Questions Arise About Internet Gambling

Several states have rushed to gain a foothold in the online gambling industry in the United States. As recently as a few years ago the federal government vigorously prosecuted violators. The most famous case is probably that of ‘Black Friday’ which took place on April 15th 2011. The federal government seized the domains of three of the largest online poker sites and froze all of their bank accounts essentially freezing the accounts of players. Eventually the players got their money back. The federal government no longer views internet gambling as a crime.

The Obama administration has taken a more liberal stance on internet gambling. In December 2011 the department of justice said in an opinion that internet gambling does not violate the 1961 wire act and the only form of gambling prohibited is sportsbetting. Thanks to this opinion several states have already made plans to provide online gambling services to residents. Delaware, Nevada and New Jersey will have gambling sites up and running this year. The Rev. Richard McGowan of Boston College, who studies legalized gambling, said that New Jersey is eager to reap the tax benefits from internet gambling.

McGowan said that the infrastructure and logistics of internet gambling are still being worked out. McGowan stated “I’m just wondering who is going to be running it? How are they going to be regulated? How much are the states going to be willing to spend to regulate this stuff? It’s going to be a good question.” There are also technical questions about internet gambling. Most of these can be answered by European and British gaming firms that have extensive experience in the internet gaming industry.
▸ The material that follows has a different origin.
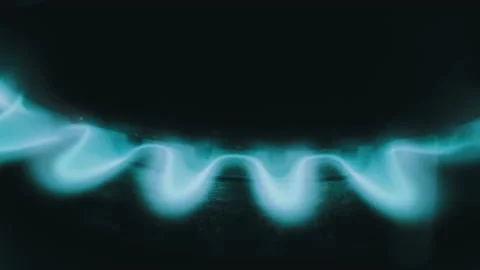 Burning Blue Flame of Gas on a Kitchen Stove in Macro Stock Footage 235938551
Since New Jersey is going to limit interactive gambling to people physically located in the state companies that set up sites in New Jersey will have to develop ways to keep out of staters from accessing the games. Casino companies say that the technology to enforce the in state rule already exists. The law in New Jersey says that problem gambling must be addressed. Donald Weinbaum, executive director at the Council of Compulsive Gambling of New Jersey, said that internet gambling will make it easier for problem gamblers to feed their addiction. Weinbaum told reporters “Compulsive gamblers usually [are] looking for action and being able to play anytime, anyplace, maybe being able to play on multiple sites at one time, play in the car,” Weinbaum says. “There’s a certain appeal to that.”

In Europe the technology already exists to identify problem gamblers and most gaming sites have a self-exclusion option and players can also limit the amounts they are allowed to spend during gaming sessions. McGowan said that struggling Atlantic City casinos see internet gambling as a new revenue stream. McGowan said “Their newest casino just went bankrupt,” McGowan says. “Two of their other casinos got sold for less than $20 million. Atlantic City is in real trouble, so Christie is trying to do anything right now to save Atlantic City.” Casinos are hoping they can lure online players back to casinos. Only time will tell.